Par conséquent, est-il toujours possible de nous servir et d’entretenir nos facultés naturelles ?

Pierre Rabhi soutient que « travailler [s]a terre [l]e maintient en lien avec les saisons et les cadences naturelles dont la modernité nous a éloignées »[6].
Nous passons trop souvent à côté de nos vies, alors qu’il faudrait réapprendre à les habiter au quotidien, par tout un ensemble de pratiques : cuisine, achat de biens plus responsables et produits localement, entretien d’un jardin potager, ou encore fabrication de certains de nos biens (cf. la multiplication des « Fab Labs »).

Conclusion

Les bénéfices de ces nouveaux comportements sont multiples et interconnectés : quête de sens, réappropriation de notre temps, création de liens sociaux, mais également atténuation de nos impacts environnementaux.

En effet, d’après une étude de Tim Kasser et Kennen Brown, les personnes qui disposent de davantage de temps de loisir ont une plus faible empreinte écologique[7]. Ces dernières peuvent par exemple changer leur façon de s’alimenter, en participant à l’essor d’initiatives comme La Ruche qui dit oui, les AMAP ou les potagers en milieux urbains.
En résumé, nous disposons de suffisamment de temps pour davantage produire ce que nous consommons, ce qui permet à la fois de bâtir une société plus résiliente et plus conviviale.

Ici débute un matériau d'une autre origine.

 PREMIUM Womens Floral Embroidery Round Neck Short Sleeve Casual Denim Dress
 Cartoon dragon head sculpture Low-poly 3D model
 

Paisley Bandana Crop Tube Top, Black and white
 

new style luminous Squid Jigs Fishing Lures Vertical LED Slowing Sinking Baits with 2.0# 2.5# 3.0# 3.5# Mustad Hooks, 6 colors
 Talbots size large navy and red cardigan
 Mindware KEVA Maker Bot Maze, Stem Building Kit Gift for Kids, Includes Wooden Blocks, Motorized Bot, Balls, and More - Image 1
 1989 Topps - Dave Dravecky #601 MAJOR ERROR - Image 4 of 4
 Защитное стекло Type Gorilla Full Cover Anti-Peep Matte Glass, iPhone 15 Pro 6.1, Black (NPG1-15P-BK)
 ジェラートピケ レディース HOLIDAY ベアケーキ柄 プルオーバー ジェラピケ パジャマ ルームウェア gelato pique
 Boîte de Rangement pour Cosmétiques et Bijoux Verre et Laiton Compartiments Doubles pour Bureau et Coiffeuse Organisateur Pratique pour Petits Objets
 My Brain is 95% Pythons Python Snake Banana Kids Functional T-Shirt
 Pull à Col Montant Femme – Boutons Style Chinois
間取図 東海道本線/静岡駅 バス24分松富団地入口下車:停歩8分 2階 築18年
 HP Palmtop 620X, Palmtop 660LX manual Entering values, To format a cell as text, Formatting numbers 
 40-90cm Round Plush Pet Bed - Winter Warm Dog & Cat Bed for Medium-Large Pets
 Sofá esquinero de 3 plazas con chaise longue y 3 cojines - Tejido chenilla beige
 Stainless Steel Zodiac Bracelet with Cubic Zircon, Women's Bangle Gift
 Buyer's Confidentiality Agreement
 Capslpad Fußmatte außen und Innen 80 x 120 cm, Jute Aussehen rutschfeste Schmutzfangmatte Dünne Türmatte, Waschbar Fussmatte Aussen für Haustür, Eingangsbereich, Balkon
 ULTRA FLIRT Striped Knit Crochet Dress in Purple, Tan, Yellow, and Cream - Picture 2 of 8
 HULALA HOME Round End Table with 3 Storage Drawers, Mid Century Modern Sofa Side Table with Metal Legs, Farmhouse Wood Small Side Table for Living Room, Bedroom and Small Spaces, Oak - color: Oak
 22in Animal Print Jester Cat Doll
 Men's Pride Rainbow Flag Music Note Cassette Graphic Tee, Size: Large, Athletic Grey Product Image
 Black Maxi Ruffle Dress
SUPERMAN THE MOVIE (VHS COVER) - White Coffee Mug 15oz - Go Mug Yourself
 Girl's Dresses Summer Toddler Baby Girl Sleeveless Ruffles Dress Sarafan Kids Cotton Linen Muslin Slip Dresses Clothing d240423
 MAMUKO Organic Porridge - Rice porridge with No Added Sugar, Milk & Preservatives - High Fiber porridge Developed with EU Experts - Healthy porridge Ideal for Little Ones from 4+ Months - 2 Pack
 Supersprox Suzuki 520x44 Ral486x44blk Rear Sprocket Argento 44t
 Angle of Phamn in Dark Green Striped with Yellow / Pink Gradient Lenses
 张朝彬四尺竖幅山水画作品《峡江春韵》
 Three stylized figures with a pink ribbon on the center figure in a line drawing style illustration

« Reprenons nos vies en mains ! », tel pourrait être le cri de ralliement, le cri d’espoir du mouvement des « Makers », un mouvement constitué de citoyens qui ambitionnent de réapprendre à travailler de leurs mains. Il n’y a d’ailleurs rien de plus jubilatoire que de créer. Partout des actions se développent, partout une énergie nouvelle émerge, fruit de volontés individuelles et de dynamiques collectives. A nous d’être attentifs, de nous imprégner et de relayer ces signaux faibles.

Notes

http://www.pourlascience.fr/ewb_pages/a/article-comment-nous-sommes-entres-dans-l-anthropocene-33151.php

Frédéric Lenoir, « Du discernement », in Nos voies d’espérance, Actes Sud, oct. 2014, p. 92.

Pierre Rabhi, Se changer, changer le monde, L’Iconoclaste, 2013, p. 143.

Françoise Héritier, « De la joie », in Nos voies d’espérance, Actes Sud, oct. 2014, p. 209.

Comité 21, La ville, nouvel écosystème du XXIe siècle : Ville, réseaux, développement durable, 2012, p. 21 et 22 (http://www.comite21.org/docs/actualites-comite-21/2012/rapport-la-ville-nouvel-ecosysteme-du-21eme-siecle-06-04-12.pdf).

Pierre Rabhi, Se changer, changer le monde, L’Iconoclaste, 2013, p. 154.

Tim Kasser et Kennen Brown, « On time, happiness, and ecological footprints », in Take back your time, Berrett-Koehler Publishers, 2003.